▶ WHAT IS NEEDED:
Output every line of the material exactly, omitting images.

▶ PROVIDED DATA:
________________________

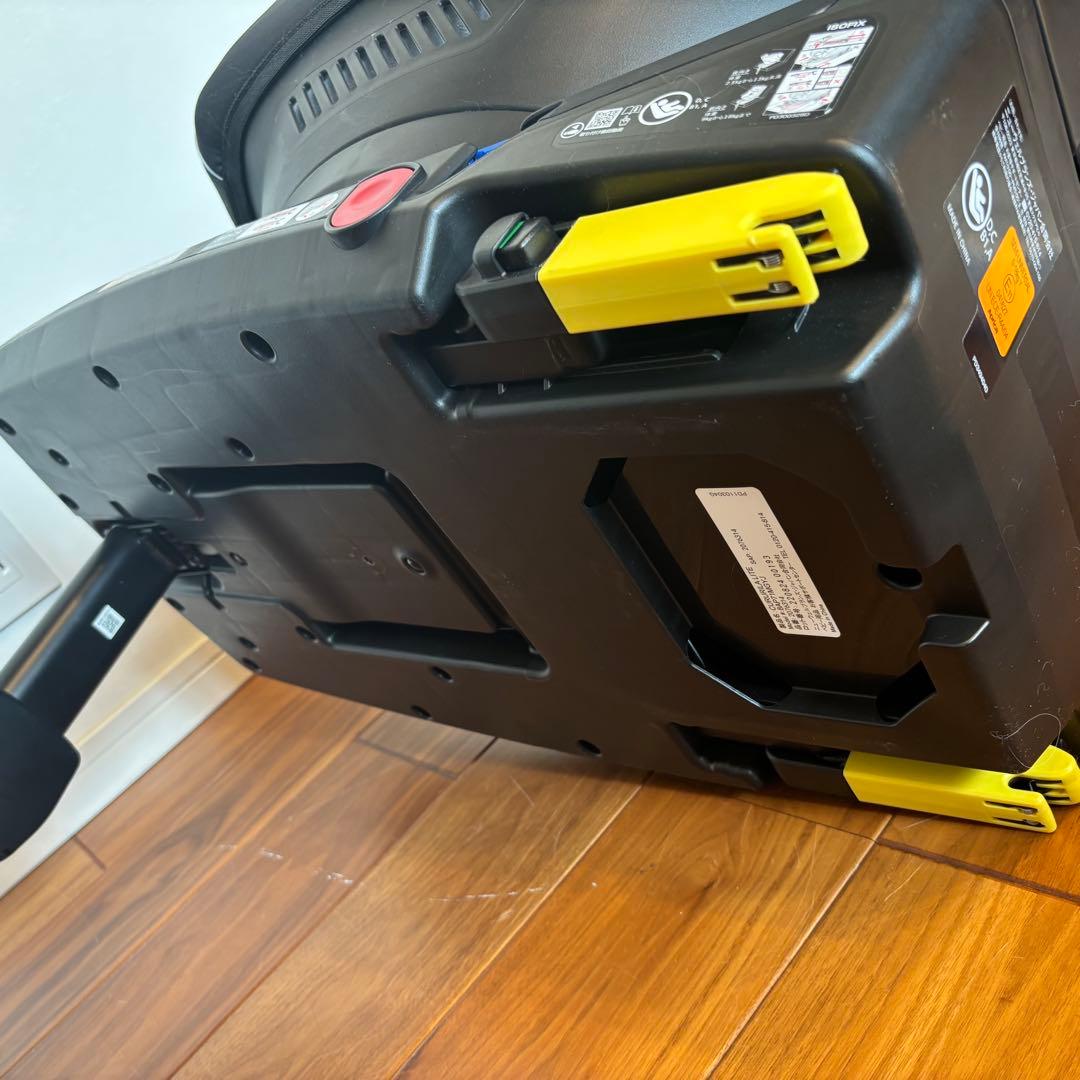 未使用級 アップリカ クルリラライト ISOFIX 回転式 新生児対応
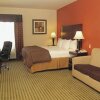 Отель La Quinta Inn & Suites by Wyndham Woodward, фото 19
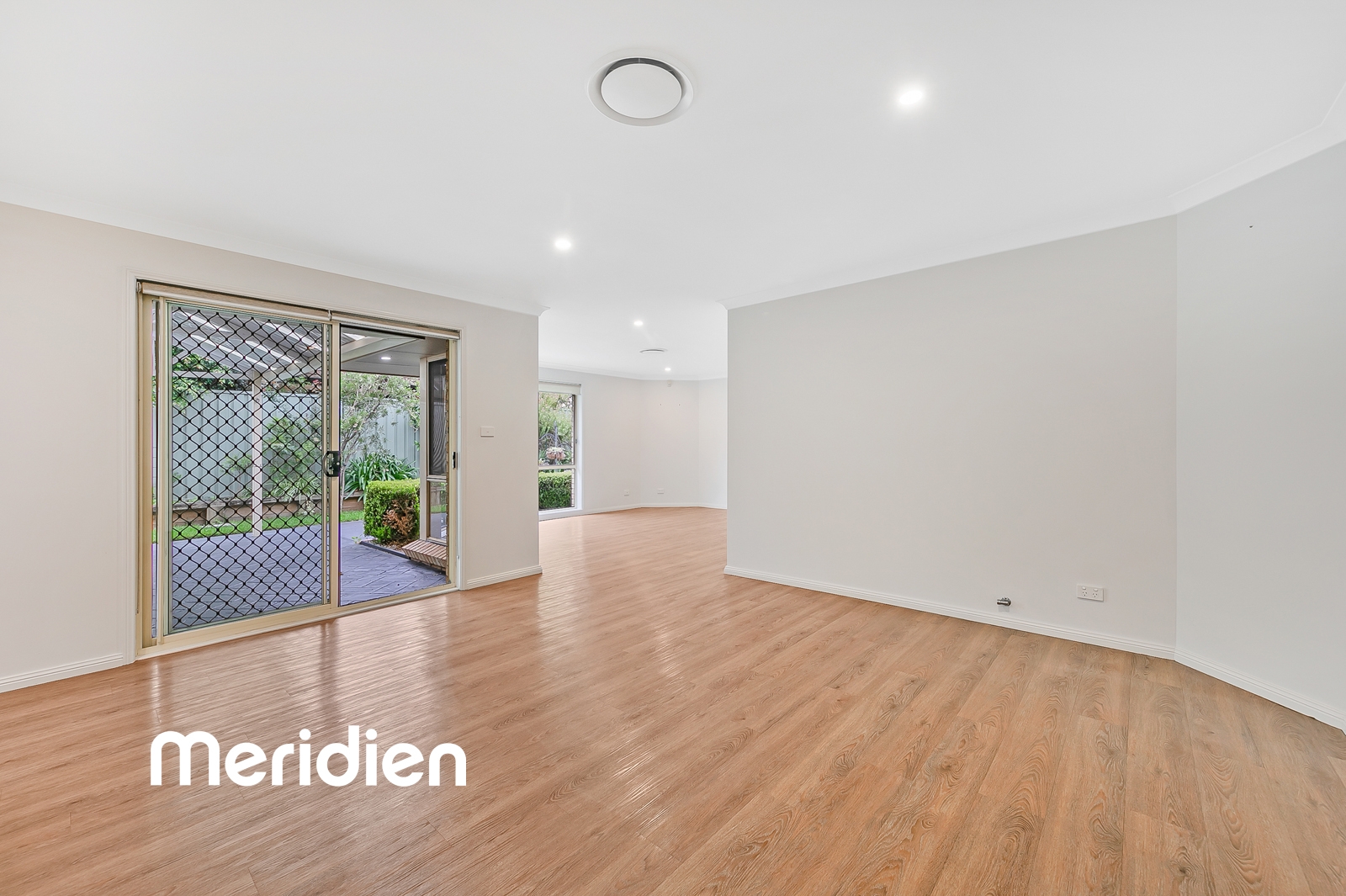 Rental: 41 Mile End Road, Rouse Hill, NSw, 2155 photo-4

________________________

▶ TASK SOLUTION:
 未使用級 アップリカ クルリラライト ISOFIX 回転式 新生児対応
 Отель La Quinta Inn & Suites by Wyndham Woodward, фото 19
 Rental: 41 Mile End Road, Rouse Hill, NSw, 2155 photo-4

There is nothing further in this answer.